Giants running back Brandon Jacobs runs tough and talks even tougher. It… (Nick Laham/Getty Images )

INDIANAPOLIS - You want to meet a real, live football player?

Say hello to Brandon Jacobs, who will summarize happily what he loves about participating in this rather violent expression of manhood.

“It feels great to run over a grown man that doesn’t want you to,’’ he explains.

Subtlety is not a featured aspect of Jacobs’s game. At 6 feet 4 inches and a listed 265 pounds, he is among the larger men who have ever carried a football for a living in this league. As such, he would rather run over three men than attempt to run around one.

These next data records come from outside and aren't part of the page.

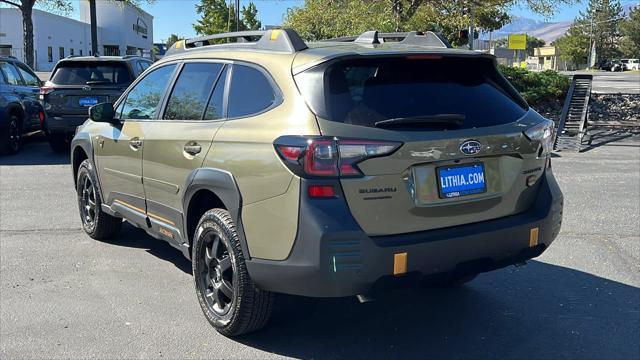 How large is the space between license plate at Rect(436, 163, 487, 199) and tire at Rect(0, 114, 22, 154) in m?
10.4

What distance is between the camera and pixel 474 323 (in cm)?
409

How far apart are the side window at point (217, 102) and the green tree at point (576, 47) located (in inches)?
4396

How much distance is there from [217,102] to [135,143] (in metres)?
1.11

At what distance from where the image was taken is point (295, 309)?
4.38 metres

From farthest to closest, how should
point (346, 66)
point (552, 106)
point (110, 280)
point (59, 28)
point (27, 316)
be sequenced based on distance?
point (59, 28), point (552, 106), point (110, 280), point (27, 316), point (346, 66)

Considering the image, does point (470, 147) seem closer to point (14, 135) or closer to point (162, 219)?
point (162, 219)

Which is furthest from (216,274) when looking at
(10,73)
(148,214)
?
(10,73)

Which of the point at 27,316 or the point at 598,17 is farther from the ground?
the point at 598,17

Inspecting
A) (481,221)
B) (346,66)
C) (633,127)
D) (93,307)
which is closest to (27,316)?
(93,307)

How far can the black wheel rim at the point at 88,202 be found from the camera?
605cm

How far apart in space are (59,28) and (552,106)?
7282 centimetres

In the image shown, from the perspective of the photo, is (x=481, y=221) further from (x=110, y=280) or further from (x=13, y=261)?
(x=13, y=261)

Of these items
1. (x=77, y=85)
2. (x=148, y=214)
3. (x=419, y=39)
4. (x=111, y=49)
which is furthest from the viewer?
(x=111, y=49)

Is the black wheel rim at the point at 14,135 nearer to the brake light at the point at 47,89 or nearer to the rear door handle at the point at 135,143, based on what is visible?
the brake light at the point at 47,89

He isn’t even the certified feature back of the New York Giants, although you’d never know it from listening to him. It’s not that he doesn’t respect Ahmad Bradshaw, or doesn’t comprehend why he is part of a tandem at running back and not The Man. It’s just that by the way he carries and expresses himself, you’d assume you were conversing with Jim Brown, or somebody.

Some might even argue he has always promised more than he has delivered. You look at some of the stuff he does and you wonder why he isn’t a perennial All-Pro. “Brandon Jacobs is a freak,’’ maintains Giants offensive coordinator Kevin Gilbride, “and I mean that in a very positive way. There aren’t many guys that big and strong who can run that fast. Once he clears the line of scrimmage, there aren’t many LBs or DBs who want to tackle him.’’

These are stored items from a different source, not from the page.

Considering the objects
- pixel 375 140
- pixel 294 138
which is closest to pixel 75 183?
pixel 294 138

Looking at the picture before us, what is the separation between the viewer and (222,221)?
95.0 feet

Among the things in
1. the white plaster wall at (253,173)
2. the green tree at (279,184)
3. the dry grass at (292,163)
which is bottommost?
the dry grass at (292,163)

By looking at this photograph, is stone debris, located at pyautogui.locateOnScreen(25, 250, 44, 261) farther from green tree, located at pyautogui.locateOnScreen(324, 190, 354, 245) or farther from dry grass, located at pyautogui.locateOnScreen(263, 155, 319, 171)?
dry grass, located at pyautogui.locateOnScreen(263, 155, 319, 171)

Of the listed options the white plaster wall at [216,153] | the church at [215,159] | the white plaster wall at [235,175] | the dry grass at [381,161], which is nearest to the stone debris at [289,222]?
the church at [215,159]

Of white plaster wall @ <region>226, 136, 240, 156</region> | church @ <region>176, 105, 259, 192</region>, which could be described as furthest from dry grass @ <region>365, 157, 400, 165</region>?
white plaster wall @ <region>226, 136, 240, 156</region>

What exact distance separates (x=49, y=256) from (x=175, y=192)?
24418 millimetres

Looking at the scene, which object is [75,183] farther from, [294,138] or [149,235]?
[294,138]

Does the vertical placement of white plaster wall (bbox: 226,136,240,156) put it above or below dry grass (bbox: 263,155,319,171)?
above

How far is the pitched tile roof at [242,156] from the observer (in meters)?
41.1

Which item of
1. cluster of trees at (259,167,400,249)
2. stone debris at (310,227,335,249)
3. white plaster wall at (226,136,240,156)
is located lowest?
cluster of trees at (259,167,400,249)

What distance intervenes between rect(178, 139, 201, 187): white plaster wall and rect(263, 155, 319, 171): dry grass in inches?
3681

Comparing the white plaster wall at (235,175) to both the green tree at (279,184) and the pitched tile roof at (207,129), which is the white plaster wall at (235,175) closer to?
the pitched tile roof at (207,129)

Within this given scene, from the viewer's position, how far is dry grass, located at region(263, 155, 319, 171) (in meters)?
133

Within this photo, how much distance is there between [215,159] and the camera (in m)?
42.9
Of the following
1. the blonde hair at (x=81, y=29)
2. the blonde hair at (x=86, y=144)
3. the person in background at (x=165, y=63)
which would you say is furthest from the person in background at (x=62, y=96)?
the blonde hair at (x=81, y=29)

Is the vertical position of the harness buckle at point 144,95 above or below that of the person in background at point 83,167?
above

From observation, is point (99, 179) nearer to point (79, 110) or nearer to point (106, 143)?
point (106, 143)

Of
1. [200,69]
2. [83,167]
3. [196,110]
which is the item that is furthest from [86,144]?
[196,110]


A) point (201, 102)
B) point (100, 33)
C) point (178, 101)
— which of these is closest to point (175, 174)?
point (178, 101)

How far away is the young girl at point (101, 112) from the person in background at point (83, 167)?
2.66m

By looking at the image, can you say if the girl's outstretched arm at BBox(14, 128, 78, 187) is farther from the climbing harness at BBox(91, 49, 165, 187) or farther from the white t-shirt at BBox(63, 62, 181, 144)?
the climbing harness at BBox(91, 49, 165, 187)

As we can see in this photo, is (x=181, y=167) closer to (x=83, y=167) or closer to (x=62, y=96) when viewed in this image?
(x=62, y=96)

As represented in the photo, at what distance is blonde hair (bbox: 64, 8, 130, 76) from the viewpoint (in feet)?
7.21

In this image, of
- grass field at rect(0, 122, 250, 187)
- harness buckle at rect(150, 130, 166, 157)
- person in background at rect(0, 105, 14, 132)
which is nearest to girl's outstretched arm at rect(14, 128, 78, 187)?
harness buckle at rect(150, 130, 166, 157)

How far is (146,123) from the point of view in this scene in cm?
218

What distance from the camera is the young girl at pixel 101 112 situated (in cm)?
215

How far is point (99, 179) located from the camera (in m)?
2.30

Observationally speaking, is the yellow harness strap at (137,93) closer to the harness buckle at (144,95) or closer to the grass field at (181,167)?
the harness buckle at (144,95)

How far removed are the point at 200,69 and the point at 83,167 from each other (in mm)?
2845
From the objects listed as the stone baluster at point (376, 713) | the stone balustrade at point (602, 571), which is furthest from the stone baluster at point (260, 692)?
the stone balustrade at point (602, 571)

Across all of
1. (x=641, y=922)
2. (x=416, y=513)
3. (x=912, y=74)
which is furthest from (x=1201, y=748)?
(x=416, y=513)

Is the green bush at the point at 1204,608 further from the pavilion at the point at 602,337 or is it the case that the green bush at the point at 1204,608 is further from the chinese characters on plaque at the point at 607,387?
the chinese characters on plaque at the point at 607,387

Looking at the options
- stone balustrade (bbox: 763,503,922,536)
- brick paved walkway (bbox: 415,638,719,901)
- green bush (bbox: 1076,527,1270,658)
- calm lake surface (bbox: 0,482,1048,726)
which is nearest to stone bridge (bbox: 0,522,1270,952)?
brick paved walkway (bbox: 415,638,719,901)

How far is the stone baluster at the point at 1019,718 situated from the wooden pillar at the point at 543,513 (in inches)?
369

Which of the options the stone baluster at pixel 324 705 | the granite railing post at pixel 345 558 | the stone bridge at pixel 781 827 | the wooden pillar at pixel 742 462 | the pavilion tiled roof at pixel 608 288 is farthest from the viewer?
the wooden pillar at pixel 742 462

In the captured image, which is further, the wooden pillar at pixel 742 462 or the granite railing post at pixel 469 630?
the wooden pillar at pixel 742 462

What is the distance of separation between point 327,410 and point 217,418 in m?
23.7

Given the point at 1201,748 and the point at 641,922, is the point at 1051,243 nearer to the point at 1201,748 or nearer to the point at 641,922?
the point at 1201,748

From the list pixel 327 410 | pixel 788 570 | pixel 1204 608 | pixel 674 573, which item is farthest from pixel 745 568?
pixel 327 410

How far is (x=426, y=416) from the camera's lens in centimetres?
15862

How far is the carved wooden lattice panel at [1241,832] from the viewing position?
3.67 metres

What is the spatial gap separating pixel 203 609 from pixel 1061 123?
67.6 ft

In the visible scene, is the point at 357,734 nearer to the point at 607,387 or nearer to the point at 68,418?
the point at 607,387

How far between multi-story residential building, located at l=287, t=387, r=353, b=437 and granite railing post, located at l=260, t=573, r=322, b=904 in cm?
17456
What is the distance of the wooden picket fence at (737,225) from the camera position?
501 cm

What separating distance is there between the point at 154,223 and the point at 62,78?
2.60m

But since rushing for 1,089 yards (5.0 average) and 15 touchdowns in 2008, he has had far more modest numbers. This season, for example, he rushed for 3.8 yards per carry and scored seven touchdowns.

Now he has scored 56 career rushing touchdowns, and that happens to be the most any Giant has had in their long, rich history. The obvious reason, of course, is that the man is ideally suited to get that tough yard or two around the goal line.

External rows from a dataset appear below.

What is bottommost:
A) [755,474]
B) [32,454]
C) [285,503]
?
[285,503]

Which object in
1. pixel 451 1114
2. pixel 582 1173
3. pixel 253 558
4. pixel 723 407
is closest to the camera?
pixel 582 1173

At this point in his career he is equally famous for what he says as for what he does. He is known far and wide for speaking his mind. Witness the little firestorm he created in the aftermath of a midseason loss to the Eagles, when he said of the home crowd at MetLife Stadium, “The best thing they do here is boo.’’

You can’t say something like that in New York and think it will go unnoticed. The feisty tabloids framed the outburst as Jacobs officially taking on the fans, making it seem as if he was asking each and every patron to step outside. Given his aforementioned lack of big-time production, the statement did not go down well.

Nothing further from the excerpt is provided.